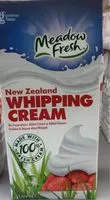 入っている砂糖の量 Meadow Fresh Whipping Cream 1L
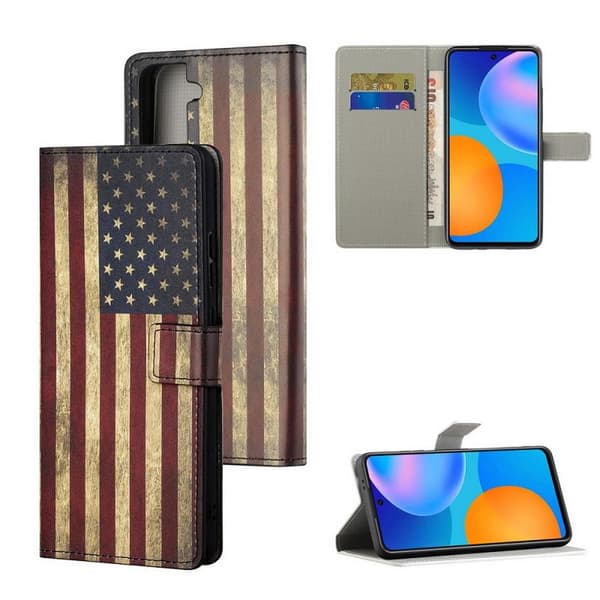 Lompakkokotelo Samsung Galaxy S21 FE - USA:n Lippu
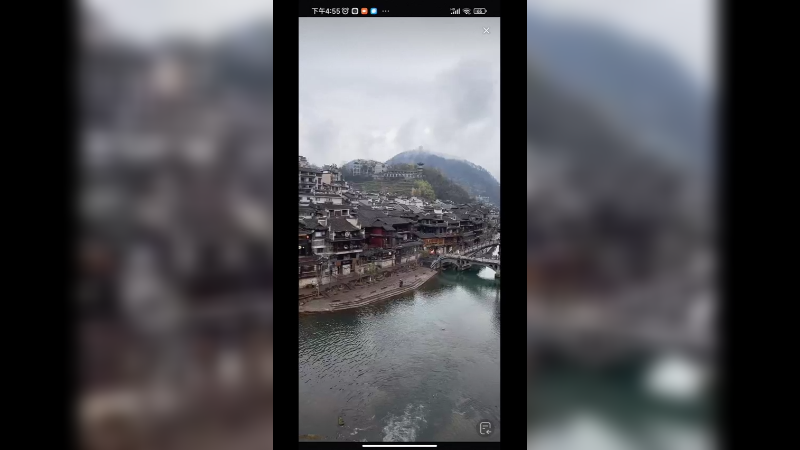 阴天的凤凰古城还是很好看的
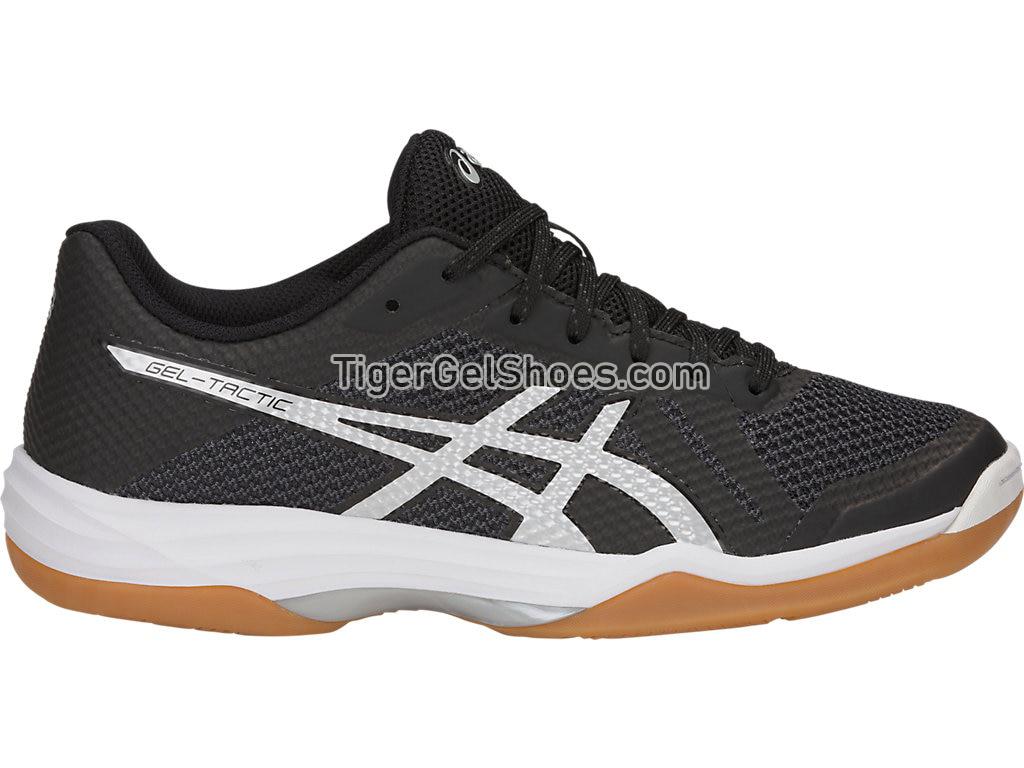 Asics GEL-Tactic 2 Black/Silver 1052A017-015 Womens Volleyball Shoes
^^^^
> [Activity] From the first line to the last, retype the material exactly and exclude the pictures.

> [Exercise response]
 入っている砂糖の量 Meadow Fresh Whipping Cream 1L
 Lompakkokotelo Samsung Galaxy S21 FE - USA:n Lippu
 阴天的凤凰古城还是很好看的
 Asics GEL-Tactic 2 Black/Silver 1052A017-015 Womens Volleyball Shoes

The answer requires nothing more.